**TASK INPUT**
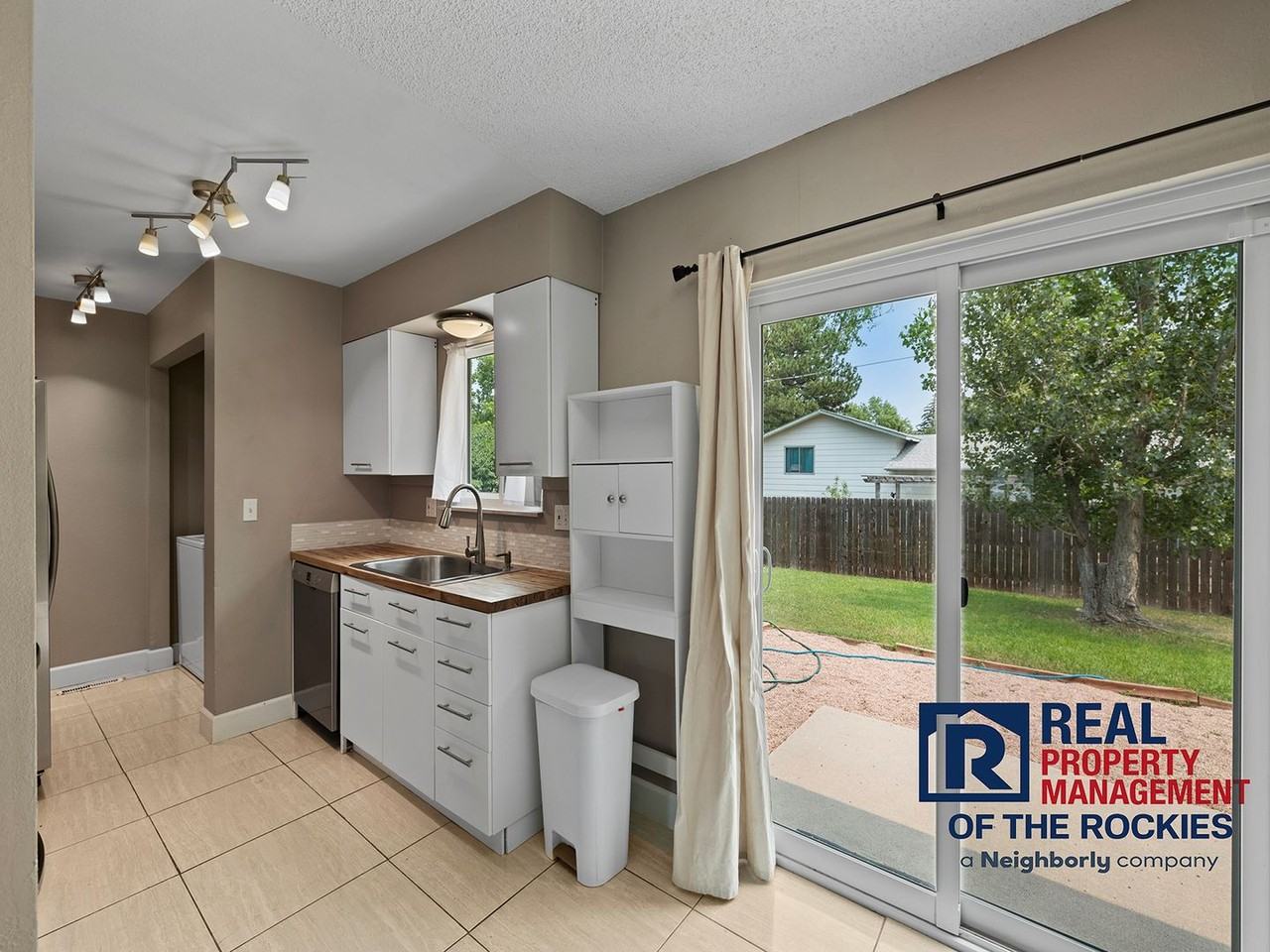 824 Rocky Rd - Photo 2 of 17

==

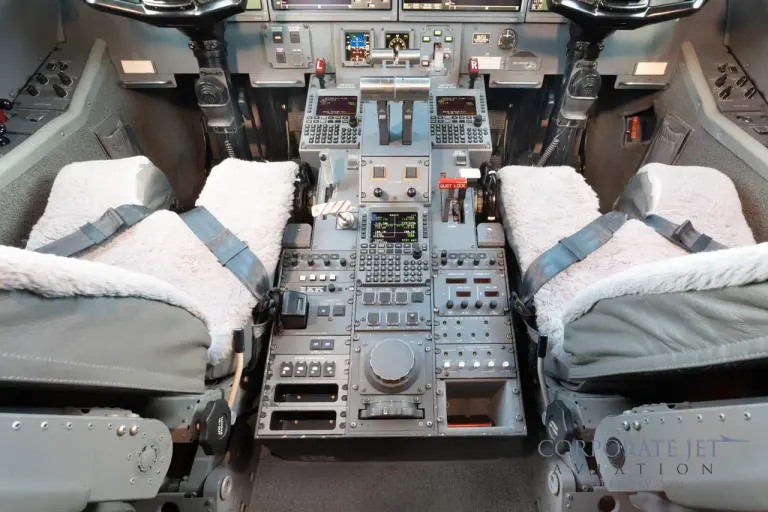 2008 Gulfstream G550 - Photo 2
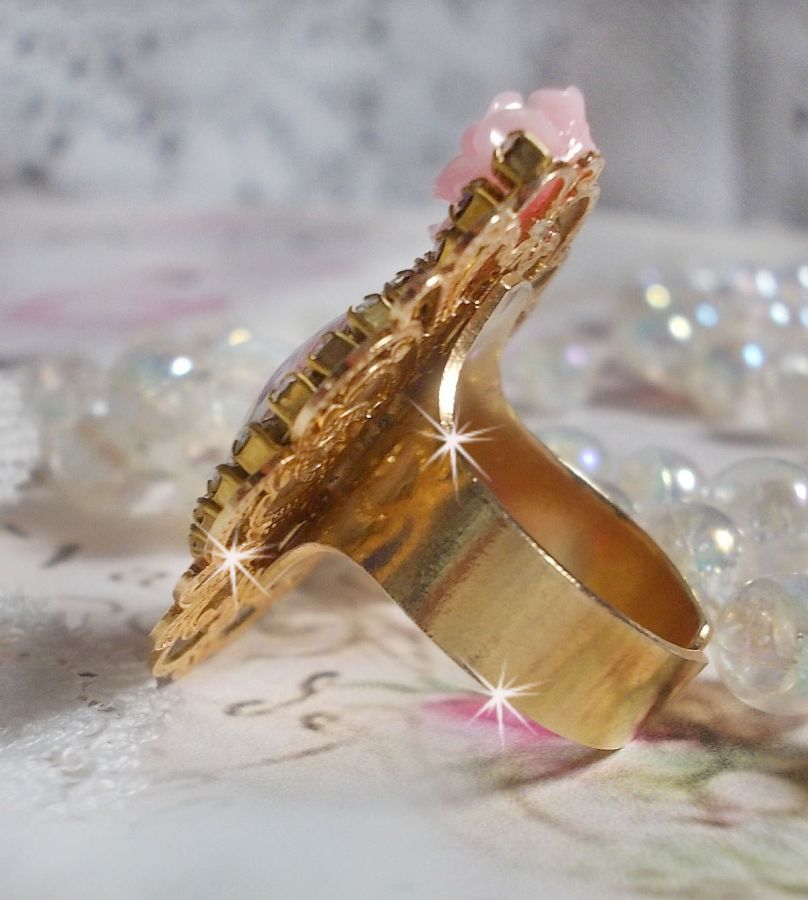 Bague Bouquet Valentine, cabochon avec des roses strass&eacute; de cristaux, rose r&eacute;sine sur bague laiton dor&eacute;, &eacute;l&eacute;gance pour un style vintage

**WHAT IS REQUIRED**
In the listing above, find the line with "2008 Gulfstream G550 - Photo 2" and the line with "Bague Bouquet Valentine, cabochon". Set down both and every line between them, minus the pictures.

**YOUR SOLUTION**
 2008 Gulfstream G550 - Photo 2
 Bague Bouquet Valentine, cabochon avec des roses strass&eacute; de cristaux, rose r&eacute;sine sur bague laiton dor&eacute;, &eacute;l&eacute;gance pour un style vintage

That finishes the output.